* **Exercise aim**
From the opening line of the records through the line bearing "Baby Monsters EASY", set down every line exactly.

* **Supplied information**

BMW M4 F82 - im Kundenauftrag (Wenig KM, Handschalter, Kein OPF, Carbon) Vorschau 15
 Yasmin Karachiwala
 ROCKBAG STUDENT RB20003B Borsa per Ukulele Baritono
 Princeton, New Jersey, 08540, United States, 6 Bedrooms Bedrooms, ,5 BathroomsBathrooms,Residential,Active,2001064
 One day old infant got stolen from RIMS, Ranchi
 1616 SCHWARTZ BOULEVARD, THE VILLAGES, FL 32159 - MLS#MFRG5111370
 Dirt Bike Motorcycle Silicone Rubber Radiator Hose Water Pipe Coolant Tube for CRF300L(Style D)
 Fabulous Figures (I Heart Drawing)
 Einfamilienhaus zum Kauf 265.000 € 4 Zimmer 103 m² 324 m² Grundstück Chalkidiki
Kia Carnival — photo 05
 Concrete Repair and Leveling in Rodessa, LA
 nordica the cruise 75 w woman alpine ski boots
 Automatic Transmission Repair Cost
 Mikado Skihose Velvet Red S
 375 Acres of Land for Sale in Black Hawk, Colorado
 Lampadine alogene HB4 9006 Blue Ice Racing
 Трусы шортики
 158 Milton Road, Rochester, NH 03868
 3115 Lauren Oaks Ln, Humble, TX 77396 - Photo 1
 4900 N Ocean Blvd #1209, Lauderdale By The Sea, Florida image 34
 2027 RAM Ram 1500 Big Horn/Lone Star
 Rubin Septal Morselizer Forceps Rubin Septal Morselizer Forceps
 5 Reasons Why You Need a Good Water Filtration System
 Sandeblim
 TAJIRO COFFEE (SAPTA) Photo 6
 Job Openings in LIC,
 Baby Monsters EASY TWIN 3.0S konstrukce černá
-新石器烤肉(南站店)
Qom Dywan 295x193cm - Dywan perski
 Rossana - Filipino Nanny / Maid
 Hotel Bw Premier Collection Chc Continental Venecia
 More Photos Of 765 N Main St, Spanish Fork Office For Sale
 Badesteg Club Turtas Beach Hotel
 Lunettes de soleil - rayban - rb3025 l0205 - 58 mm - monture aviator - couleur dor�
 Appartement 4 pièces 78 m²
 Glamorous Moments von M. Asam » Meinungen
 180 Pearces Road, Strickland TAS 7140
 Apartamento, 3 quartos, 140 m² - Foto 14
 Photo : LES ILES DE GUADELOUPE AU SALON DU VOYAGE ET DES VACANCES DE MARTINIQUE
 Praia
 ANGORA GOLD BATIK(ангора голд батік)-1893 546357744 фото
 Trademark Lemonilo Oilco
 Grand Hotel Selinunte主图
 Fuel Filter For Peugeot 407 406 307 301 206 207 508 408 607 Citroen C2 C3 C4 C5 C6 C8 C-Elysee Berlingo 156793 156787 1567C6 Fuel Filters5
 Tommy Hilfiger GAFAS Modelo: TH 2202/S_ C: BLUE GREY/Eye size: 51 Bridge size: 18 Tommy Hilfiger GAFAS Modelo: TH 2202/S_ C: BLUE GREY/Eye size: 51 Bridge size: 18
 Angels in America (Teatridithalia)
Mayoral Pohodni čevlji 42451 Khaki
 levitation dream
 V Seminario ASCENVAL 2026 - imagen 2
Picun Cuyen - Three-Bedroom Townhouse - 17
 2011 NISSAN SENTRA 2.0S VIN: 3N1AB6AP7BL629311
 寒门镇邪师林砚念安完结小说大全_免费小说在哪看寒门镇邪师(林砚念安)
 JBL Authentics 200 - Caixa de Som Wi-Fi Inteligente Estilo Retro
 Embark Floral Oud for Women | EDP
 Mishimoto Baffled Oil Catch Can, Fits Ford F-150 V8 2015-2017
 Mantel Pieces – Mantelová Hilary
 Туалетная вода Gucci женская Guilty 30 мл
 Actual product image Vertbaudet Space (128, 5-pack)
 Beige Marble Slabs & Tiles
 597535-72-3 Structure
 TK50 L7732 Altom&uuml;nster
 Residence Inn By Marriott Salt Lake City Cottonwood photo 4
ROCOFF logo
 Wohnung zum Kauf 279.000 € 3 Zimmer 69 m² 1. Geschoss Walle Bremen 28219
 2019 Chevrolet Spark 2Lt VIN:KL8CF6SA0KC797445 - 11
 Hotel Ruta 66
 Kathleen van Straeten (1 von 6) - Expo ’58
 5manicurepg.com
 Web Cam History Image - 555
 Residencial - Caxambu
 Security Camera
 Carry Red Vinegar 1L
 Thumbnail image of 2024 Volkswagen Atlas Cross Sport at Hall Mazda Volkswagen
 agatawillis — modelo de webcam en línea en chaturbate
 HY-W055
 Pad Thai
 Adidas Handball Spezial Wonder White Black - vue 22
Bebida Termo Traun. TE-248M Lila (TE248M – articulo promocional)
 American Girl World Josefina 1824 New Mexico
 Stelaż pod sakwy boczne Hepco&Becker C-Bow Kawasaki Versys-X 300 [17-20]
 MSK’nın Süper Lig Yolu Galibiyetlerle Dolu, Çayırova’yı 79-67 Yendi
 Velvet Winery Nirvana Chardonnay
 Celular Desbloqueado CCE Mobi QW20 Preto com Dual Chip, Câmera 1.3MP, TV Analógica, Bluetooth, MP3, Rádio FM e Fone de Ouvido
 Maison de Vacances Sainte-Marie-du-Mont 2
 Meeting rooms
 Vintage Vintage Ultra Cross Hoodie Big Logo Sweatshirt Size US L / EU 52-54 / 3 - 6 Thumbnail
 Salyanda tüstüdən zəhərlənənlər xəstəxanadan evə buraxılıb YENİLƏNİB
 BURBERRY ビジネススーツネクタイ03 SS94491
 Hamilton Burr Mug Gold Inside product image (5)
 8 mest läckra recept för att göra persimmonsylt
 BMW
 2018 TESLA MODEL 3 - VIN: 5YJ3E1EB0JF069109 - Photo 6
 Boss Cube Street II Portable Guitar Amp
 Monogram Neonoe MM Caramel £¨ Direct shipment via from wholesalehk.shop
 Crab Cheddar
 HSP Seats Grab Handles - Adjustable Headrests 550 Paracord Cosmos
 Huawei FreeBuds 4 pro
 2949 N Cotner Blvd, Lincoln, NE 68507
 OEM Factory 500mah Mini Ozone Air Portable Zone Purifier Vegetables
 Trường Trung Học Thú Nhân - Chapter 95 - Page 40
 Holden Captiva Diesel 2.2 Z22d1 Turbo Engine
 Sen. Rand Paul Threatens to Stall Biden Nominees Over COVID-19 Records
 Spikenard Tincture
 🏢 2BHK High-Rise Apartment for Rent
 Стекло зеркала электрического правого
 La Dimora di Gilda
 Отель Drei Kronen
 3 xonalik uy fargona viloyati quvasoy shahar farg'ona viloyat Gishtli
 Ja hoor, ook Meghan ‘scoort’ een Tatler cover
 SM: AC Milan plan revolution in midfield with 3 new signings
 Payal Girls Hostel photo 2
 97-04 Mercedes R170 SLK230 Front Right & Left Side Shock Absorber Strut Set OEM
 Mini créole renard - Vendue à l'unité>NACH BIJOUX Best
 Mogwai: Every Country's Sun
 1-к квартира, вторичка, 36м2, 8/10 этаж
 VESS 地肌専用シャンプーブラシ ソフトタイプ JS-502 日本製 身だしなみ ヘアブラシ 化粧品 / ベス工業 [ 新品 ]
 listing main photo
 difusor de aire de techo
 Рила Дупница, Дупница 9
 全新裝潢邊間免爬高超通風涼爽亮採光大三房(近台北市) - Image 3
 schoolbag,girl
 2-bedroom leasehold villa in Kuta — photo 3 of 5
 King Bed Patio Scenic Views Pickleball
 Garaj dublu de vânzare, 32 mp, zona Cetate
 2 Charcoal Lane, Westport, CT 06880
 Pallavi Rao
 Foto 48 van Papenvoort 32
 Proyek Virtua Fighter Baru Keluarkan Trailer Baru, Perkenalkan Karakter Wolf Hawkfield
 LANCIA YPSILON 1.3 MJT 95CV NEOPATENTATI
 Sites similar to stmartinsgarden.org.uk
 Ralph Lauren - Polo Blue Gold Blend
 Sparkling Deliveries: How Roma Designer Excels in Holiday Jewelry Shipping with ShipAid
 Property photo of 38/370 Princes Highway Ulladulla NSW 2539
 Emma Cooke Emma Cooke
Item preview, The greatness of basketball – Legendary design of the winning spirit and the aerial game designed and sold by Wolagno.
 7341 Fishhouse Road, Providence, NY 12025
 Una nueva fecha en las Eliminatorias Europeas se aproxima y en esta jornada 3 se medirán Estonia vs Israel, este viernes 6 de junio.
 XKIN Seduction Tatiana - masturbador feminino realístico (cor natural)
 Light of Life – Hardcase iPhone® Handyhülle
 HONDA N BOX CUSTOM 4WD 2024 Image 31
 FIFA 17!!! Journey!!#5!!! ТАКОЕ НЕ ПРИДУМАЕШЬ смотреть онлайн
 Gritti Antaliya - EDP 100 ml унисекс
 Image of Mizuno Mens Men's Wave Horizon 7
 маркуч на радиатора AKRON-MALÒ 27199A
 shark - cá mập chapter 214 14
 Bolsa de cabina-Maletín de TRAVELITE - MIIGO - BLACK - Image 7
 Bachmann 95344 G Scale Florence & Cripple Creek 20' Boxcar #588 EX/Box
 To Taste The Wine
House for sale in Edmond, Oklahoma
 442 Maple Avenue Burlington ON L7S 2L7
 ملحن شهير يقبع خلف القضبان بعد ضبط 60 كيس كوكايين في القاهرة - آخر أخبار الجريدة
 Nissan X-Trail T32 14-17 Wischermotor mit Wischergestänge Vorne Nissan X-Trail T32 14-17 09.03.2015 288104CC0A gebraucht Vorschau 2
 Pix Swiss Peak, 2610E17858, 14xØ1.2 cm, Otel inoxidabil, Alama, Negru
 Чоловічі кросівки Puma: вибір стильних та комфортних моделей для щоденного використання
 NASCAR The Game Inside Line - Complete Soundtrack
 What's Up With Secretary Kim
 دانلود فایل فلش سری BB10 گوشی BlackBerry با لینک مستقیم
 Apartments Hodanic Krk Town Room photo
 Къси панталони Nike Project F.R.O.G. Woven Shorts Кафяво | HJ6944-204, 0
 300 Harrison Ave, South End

* **Written reply**
BMW M4 F82 - im Kundenauftrag (Wenig KM, Handschalter, Kein OPF, Carbon) Vorschau 15
 Yasmin Karachiwala
 ROCKBAG STUDENT RB20003B Borsa per Ukulele Baritono
 Princeton, New Jersey, 08540, United States, 6 Bedrooms Bedrooms, ,5 BathroomsBathrooms,Residential,Active,2001064
 One day old infant got stolen from RIMS, Ranchi
 1616 SCHWARTZ BOULEVARD, THE VILLAGES, FL 32159 - MLS#MFRG5111370
 Dirt Bike Motorcycle Silicone Rubber Radiator Hose Water Pipe Coolant Tube for CRF300L(Style D)
 Fabulous Figures (I Heart Drawing)
 Einfamilienhaus zum Kauf 265.000 € 4 Zimmer 103 m² 324 m² Grundstück Chalkidiki
Kia Carnival — photo 05
 Concrete Repair and Leveling in Rodessa, LA
 nordica the cruise 75 w woman alpine ski boots
 Automatic Transmission Repair Cost
 Mikado Skihose Velvet Red S
 375 Acres of Land for Sale in Black Hawk, Colorado
 Lampadine alogene HB4 9006 Blue Ice Racing
 Трусы шортики
 158 Milton Road, Rochester, NH 03868
 3115 Lauren Oaks Ln, Humble, TX 77396 - Photo 1
 4900 N Ocean Blvd #1209, Lauderdale By The Sea, Florida image 34
 2027 RAM Ram 1500 Big Horn/Lone Star
 Rubin Septal Morselizer Forceps Rubin Septal Morselizer Forceps
 5 Reasons Why You Need a Good Water Filtration System
 Sandeblim
 TAJIRO COFFEE (SAPTA) Photo 6
 Job Openings in LIC,
 Baby Monsters EASY TWIN 3.0S konstrukce černá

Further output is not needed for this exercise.